North Hollywood business people and property owners dreamed up the idea more than a decade ago. Government, they said, should step in and clean up the slums. Councilman Joel Wachs took up their cause and pushed the North Hollywood Redevelopment Project through the council.
It's not cheap. Last year, the CRA spent $44 million to buy land, subsidize developers' construction projects, draw up plans and pay bureaucrats' salaries.
And not everyone thinks North Hollywood is blighted.
Take Eddie Searles, who does occasional work as a movie stuntman, even though he's long past his 70th birthday. The back closet of his house, near Magnolia, is filled with costumes and vintage clothes. The yard is littered with old cars and motorcycles. Hire Eddie's car, motorcycle or costumes and you also get Eddie as a stuntman. He shares the house with his wife, Othelia, who makes wigs. They also raise a few chickens.
The CRA wants their lot for a shopping center. The agency offered the Searles $232,000. If they don't accept the offer, the CRA has said it will force them to sell, using its powers of eminent domain.
"If I lose the place, it kills me," Searles said as we sat in his front room several days ago. ". . . I couldn't get a place like this for $232,000."
The CRA says that the Searles and a few other dissenters are a minority. As evidence, they cite continued votes of confidence from something called the Project Area Committee. Residents elect these 25-member committees in redevelopment areas to give the CRA grass-roots advice.
Searles and the other dissidents contend that the North Hollywood Project Area rigs its elections and is dominated by the North Hollywood Chamber of Commerce. "I went to vote and presented my drivers' license," one property owner told me. "I always have presented my driver's license (to prove eligibility to vote). This time, they said they needed my tax bills and utility bills."
Two city council members, Richard Allatore and Gloria Molina, have promised to look into the allegations.
What the council members fear is that there might not be support for the redevelopment project. And without that support, a fundamental question arises: Why redevelop Magnolia Boulevard at all?
I walked down the Valley's Melrose-to-be Monday. I parked nearby on Lankershim Boulevard, in front of a plain one-story building housing the West Coast Detectives World Headquarters. It was obvious what the CRA and the business people envision for Magnolia. A tall, sleek CRA-sponsored office, hotel and apartment complex that will include the home of the Academy of Television Arts and Science that already is being built. Farther on is Magnolia Towers, a CRA low-rent development for seniors.

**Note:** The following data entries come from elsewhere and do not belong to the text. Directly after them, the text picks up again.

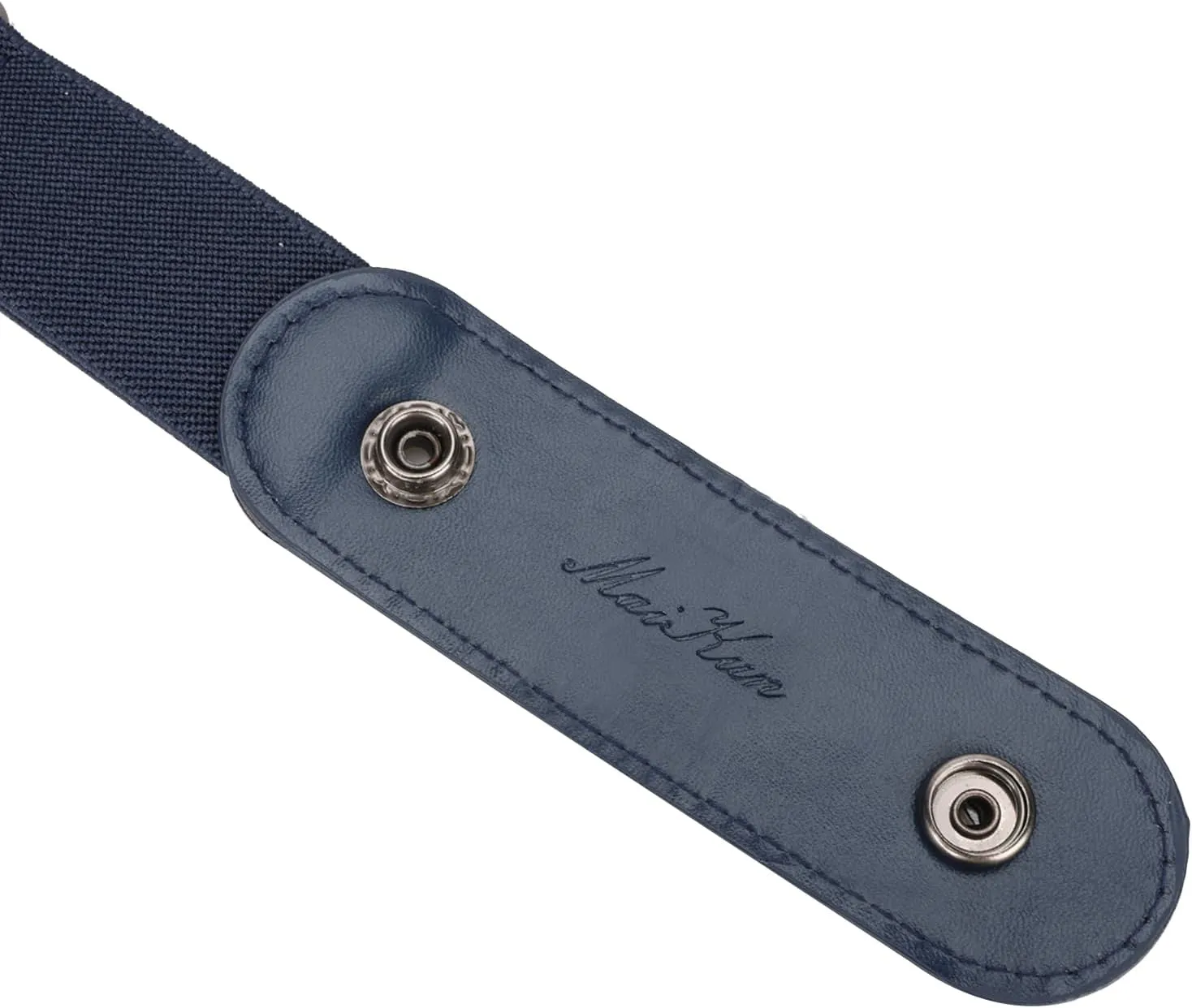 maikun No Buckle Women Men Stretch Belt, Invisible Elastic Belt for Jeans Pants Dresses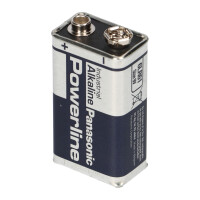 12x Panasonic Powerline 6LR61 9V Block Batterie - passend f&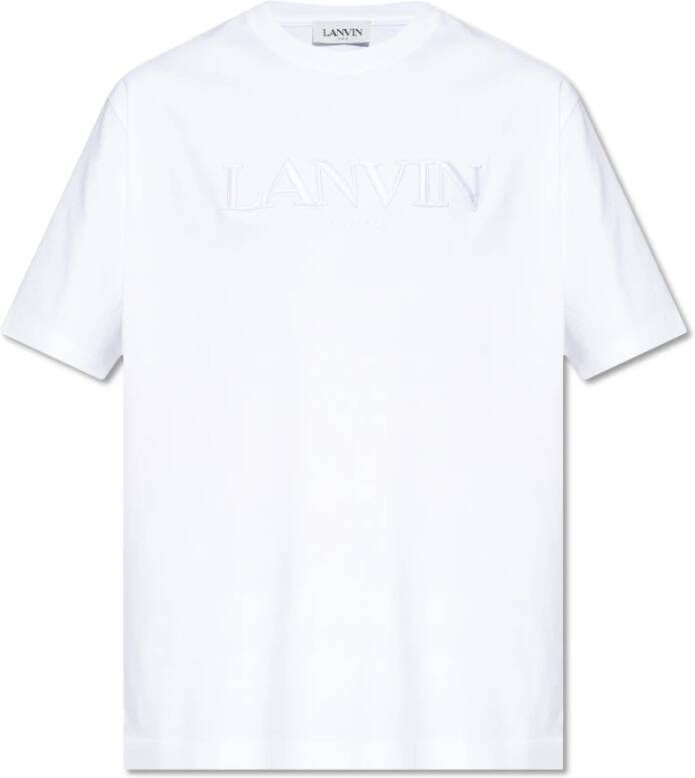 Lanvin T-shirt met logo White Heren
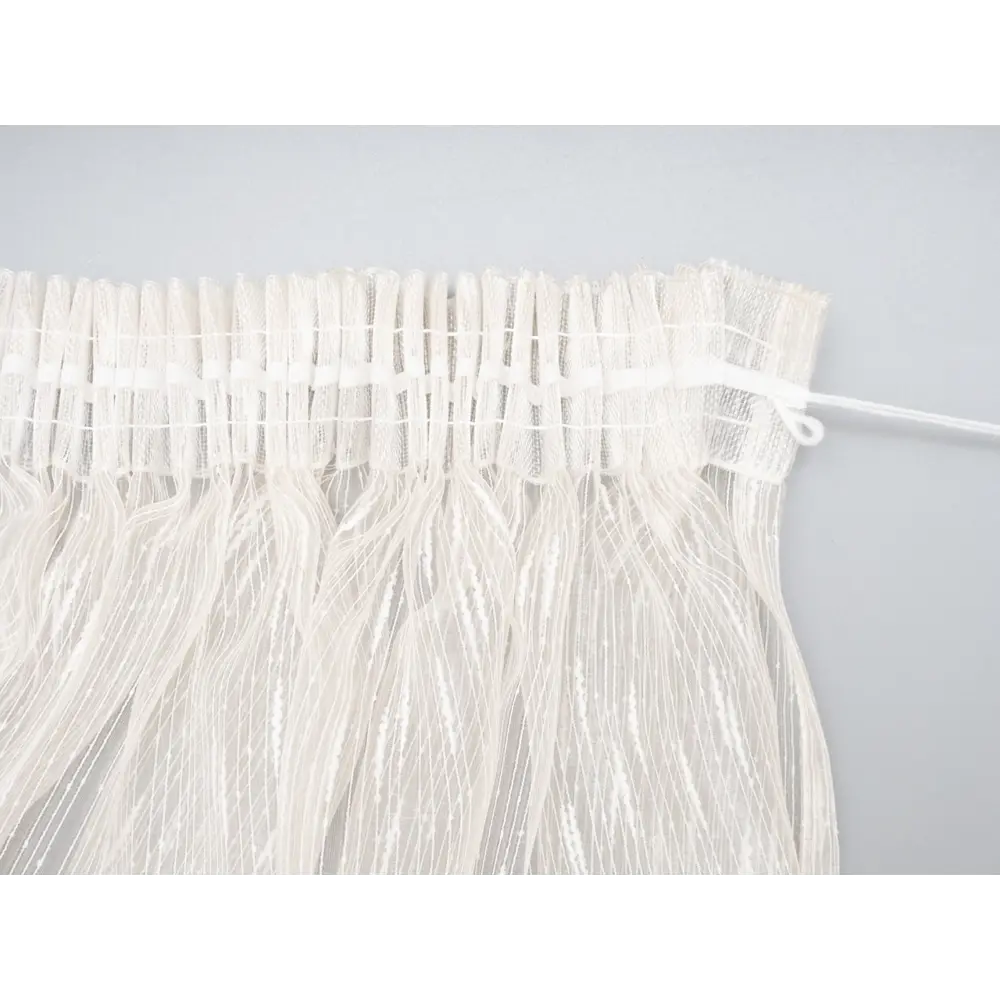 Фото 8 Тюль на шторной ленте Дождик 500x270 см цвет ваниль Фото 8 Тюль на шторной ленте Дождик 500x270 см цвет ваниль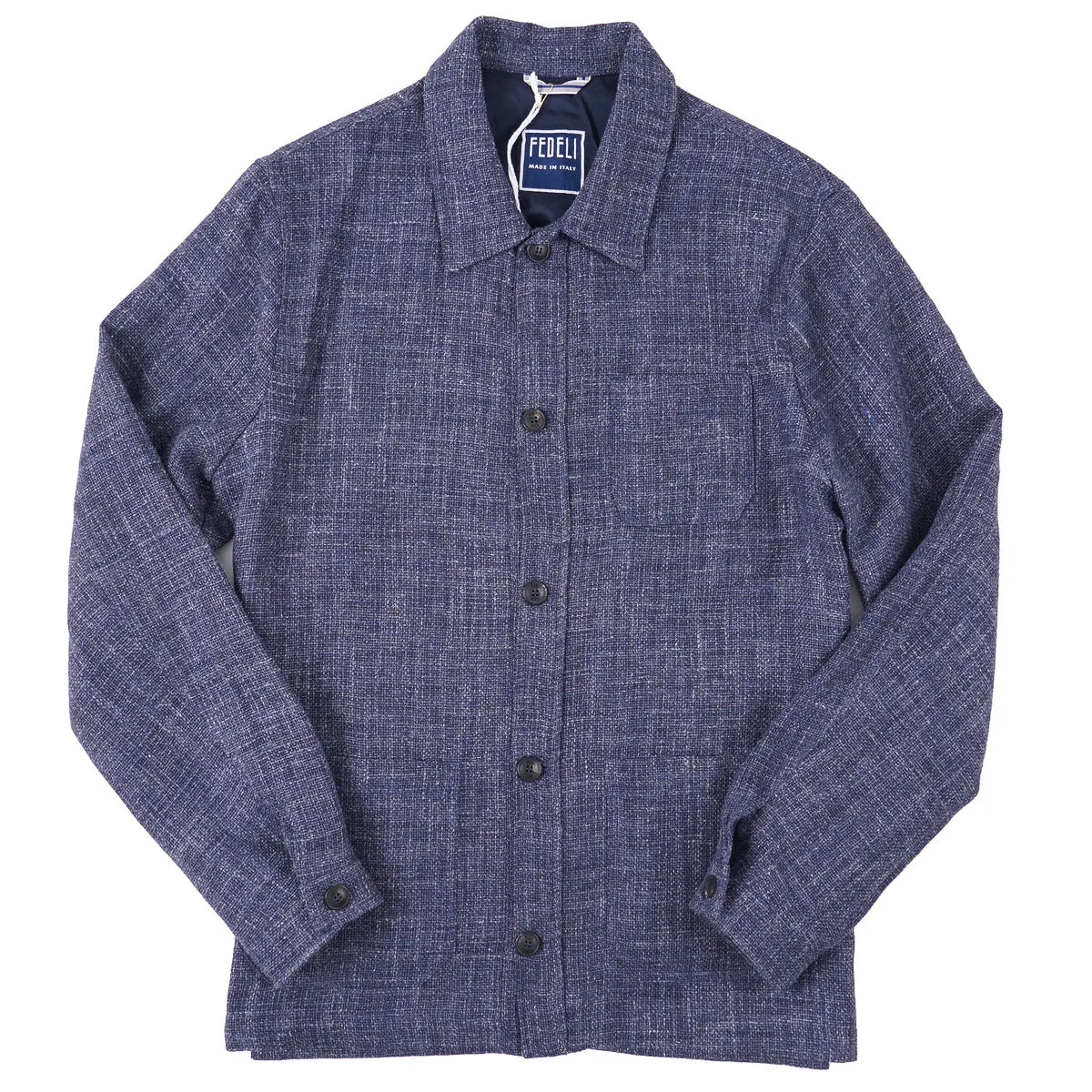 Fedeli 'Bristol' Jacket in Silk and Linen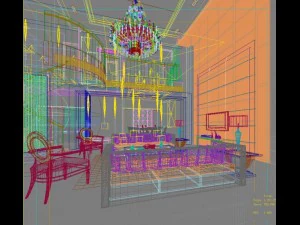3d home 756 3D Model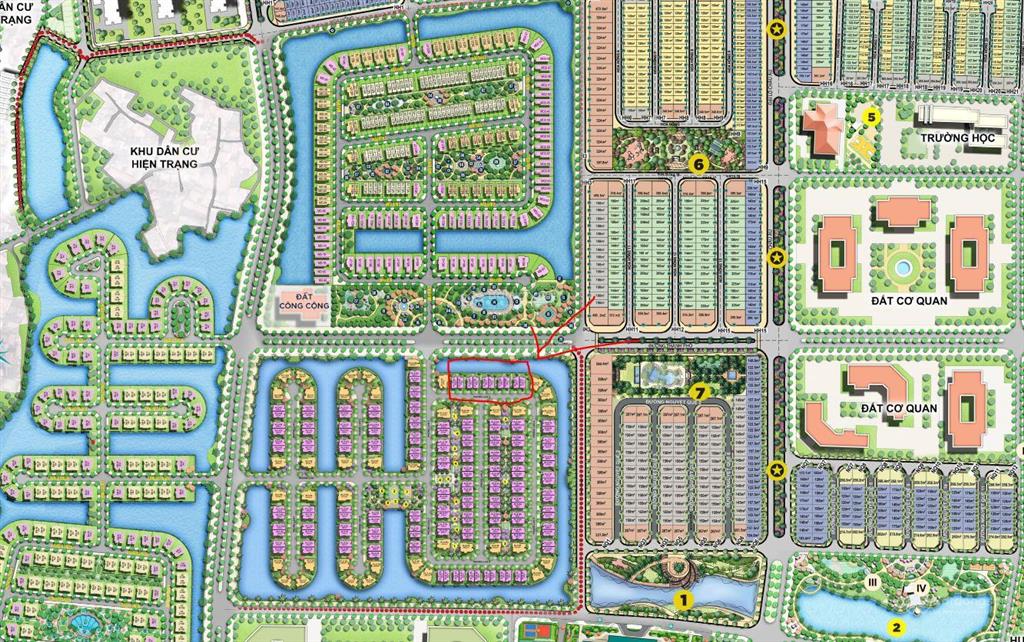 Hiếm!!! bán nhà phong lan 3 đối diện công viên, vinhomes thanh hoá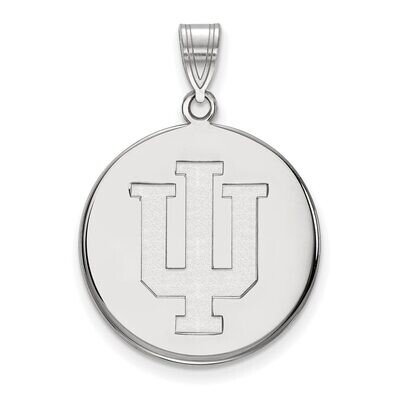 Indiana University Large Disc Pendant Sterling Silver SS039IU, MPN: SS039IU, 886774685960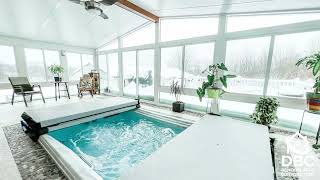 Watch video: Saegertown Sunroom Addition with SwimSpa Tour
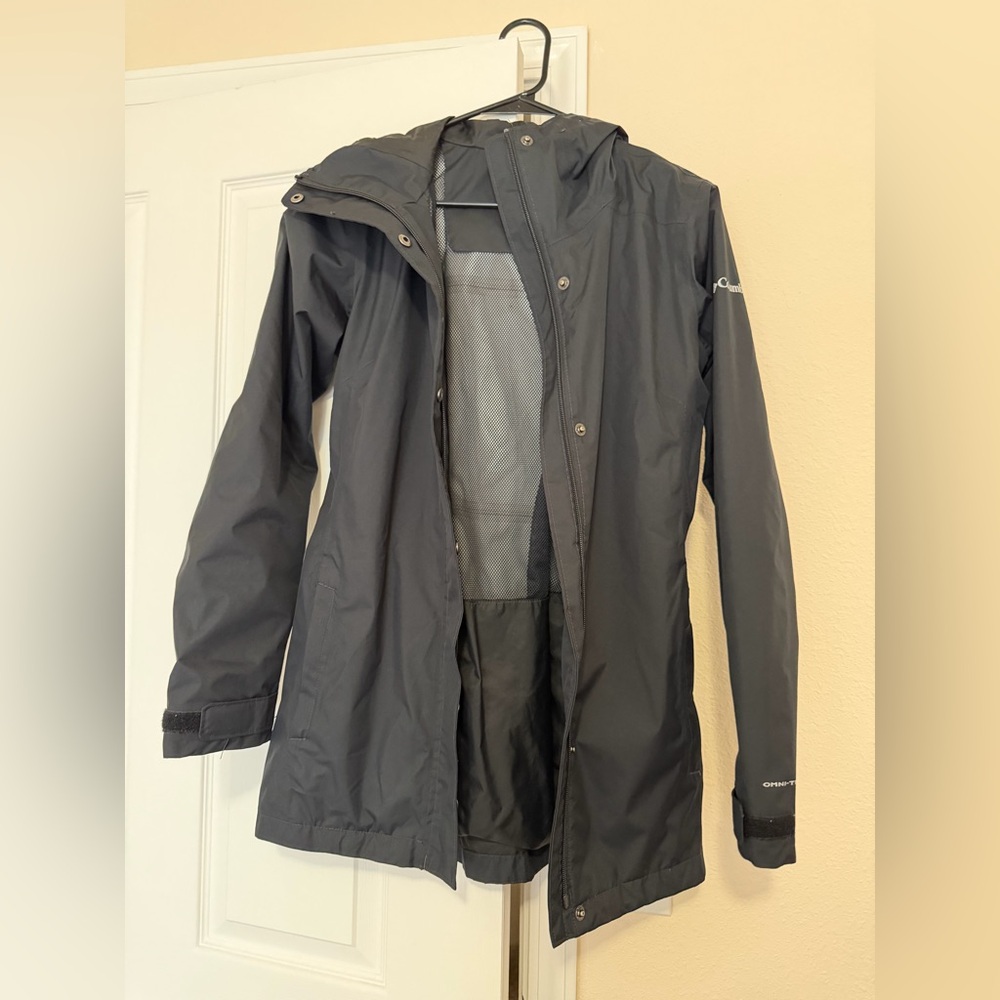 Columbia omni tech rain jacket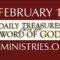 February 1 -Daily Treasures Ministries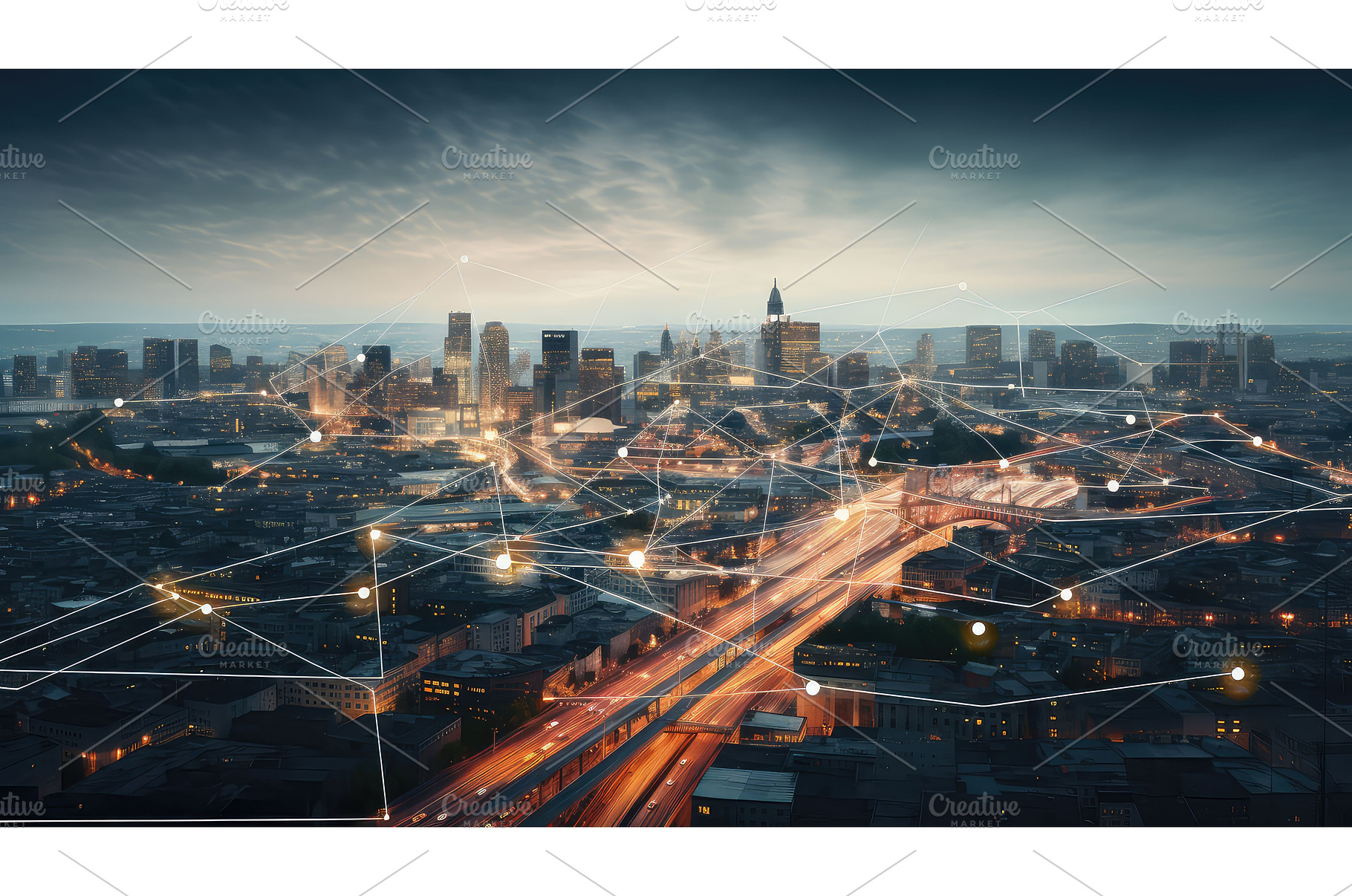 skyline view urban background ai, an Architecture Photo by pikepicture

Also on Magnolia, though, Western Surplus was selling guns, ammo and clothes--nothing more fashionable than L.A. Gear shoes. Down the street was the Survival Store, which displayed in its window such books as "The Art Of Getting Even--The Do It Yourself Justice Manual," "Combat: House to House," and "Hardcore Poaching." Down the street were the North Hollywood Billiards Parlor and three stores selling used clothes. A few doors away was T-Wheels & Deals, advertising tires as low as $1.85.
Of course, the real Melrose Avenue wasn't so chic a few years ago. Then interior decorator shops moved east from West Hollywood into Los Angeles. Clothing shops and restaurants followed. Melrose Avenue redeveloped itself, or at least private enterprise did. No tax dollars were needed.
The point is, these neighborhood transformations sometimes just happen naturally in cities. And they work better that way. Melrose Avenue is more fun than the CRA's downtown Los Angeles.
Leave Magnolia alone, and the fashionable people may someday discover Kathy's Vintages and Razamataz, a second-hand clothing store. And nearby, that small used book store on Lankershim may yet attract the literati.
And until that happens, Magnolia Boulevard will still be of value. Where else can you buy a tire for $1.85?